7.2. Het Hof is daarom van oordeel dat de rechtbank op goede gronden een juiste beslissing heeft genomen zodat de uitspraak van de rechtbank moet worden bevestigd.
7.3. Ter zitting heeft de Inspecteur toegezegd dat hij, indien de naheffingsaanslag in de loonbelasting, de premie volksverzekeringen en de premies werknemersverzekeringen over het tijdvak van 1 januari 2007 tot en met 30 juni 2007 wordt verminderd, ambtshalve de onderwerpelijke naheffingsaanslag op gelijke gronden zal verminderen.
Het Hof acht geen termen aanwezig voor een veroordeling in de proceskosten als bedoeld in artikel 8:75 van de Algemene wet bestuursrecht.
Het Gerechtshof bevestigt de uitspraak van de rechtbank.
Deze uitspraak is vastgesteld door mrs. U.E. Tromp, J.T. Sanders en W.M.G. Visser, in tegenwoordigheid van de griffier mr. R.W. Otto. De beslissing is op 25 oktober 2011 in het openbaar uitgesproken.
aangetekend aan
partijen verzonden:
Zowel de belanghebbende als het daartoe bevoegde bestuursorgaan kan binnen zes weken na de verzenddatum van deze uitspraak beroep in cassatie instellen bij de Hoge Raad der Nederlanden. Daarbij moet het volgende in acht worden genomen:
1. Bij het beroepschrift wordt een kopie van deze uitspraak gevoegd.

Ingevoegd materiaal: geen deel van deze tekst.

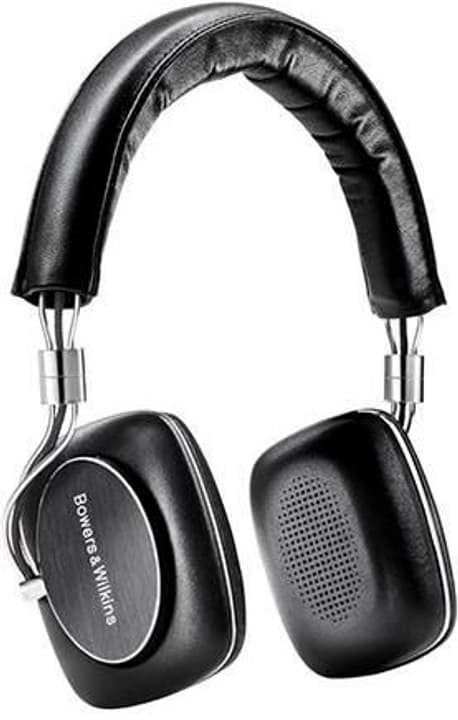 Bowers & Wilkins P5 Serie 2 - Schwarz P5 Serie 2 - Schwarz Bowers & Wilkins 772777000000 Bild Nr. 1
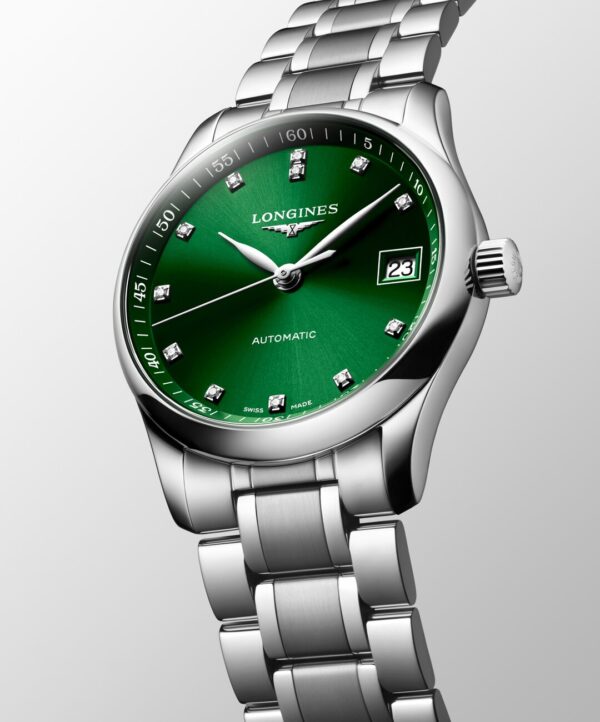 Longines Master Collection Automatic 34mm - immagine 5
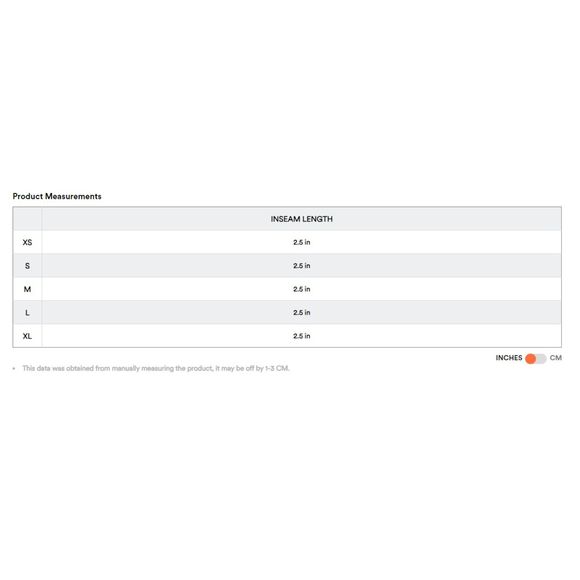 Halara Size S Super High Waisted  2-in-1 Yoga Shorts - Picture 5 of 5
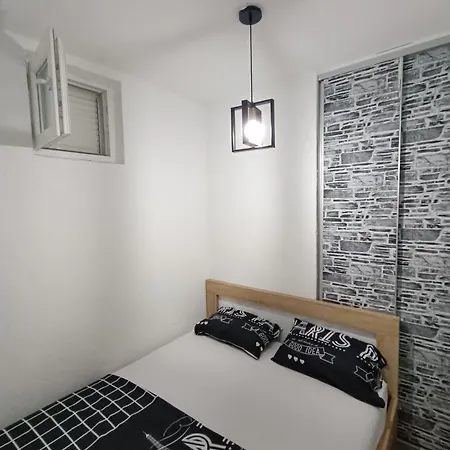 Maska Apartament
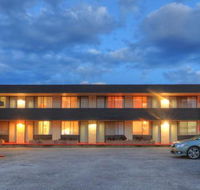 Queenstown Motor Lodge - Darwin Holiday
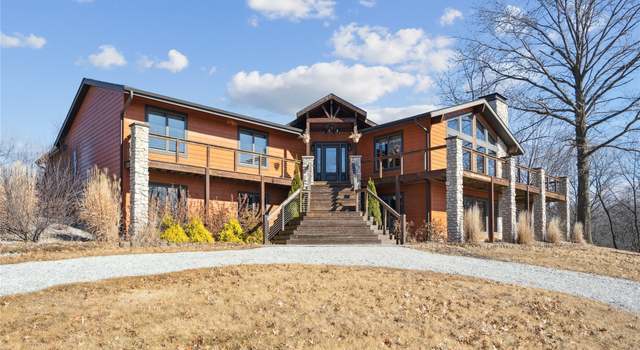 Photo of 8934 SE Vandalia Dr, Runnells, IA 50237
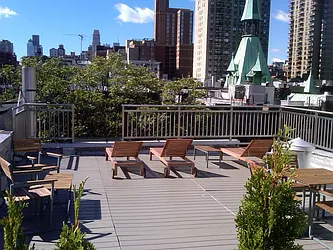 Rented by Bond New York
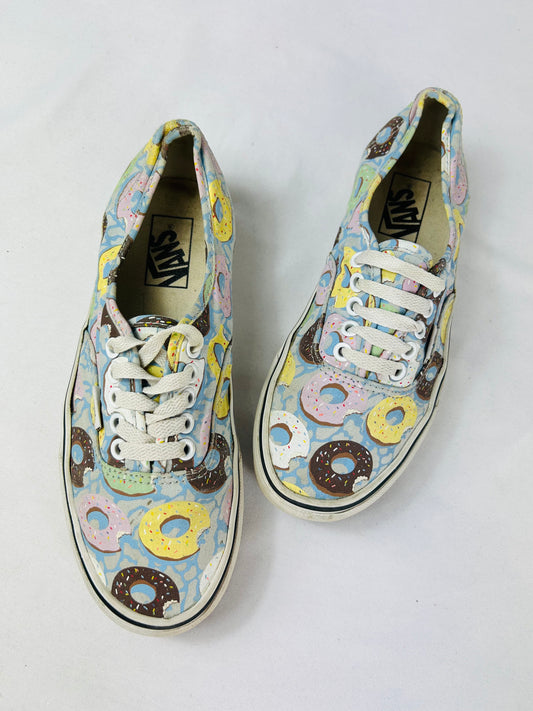 Vans donut n.39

2. Het beroepschrift wordt ondertekend en bevat ten minste:
- de naam en het adres van de indiener;
- de dagtekening;
- de vermelding van de uitspraak waartegen het beroep in cassatie is gericht;
- de gronden van het beroep in cassatie.
Het beroepschrift moet worden gezonden aan de Hoge Raad der Nederlanden (belastingkamer), Postbus 20303, 2500 EH Den Haag.
De partij die beroep in cassatie instelt is griffierecht verschuldigd en zal daarover bericht ontvangen van de griffier van de Hoge Raad. In het cassatieberoepschrift kan worden verzocht de wederpartij te veroordelen in de proceskosten.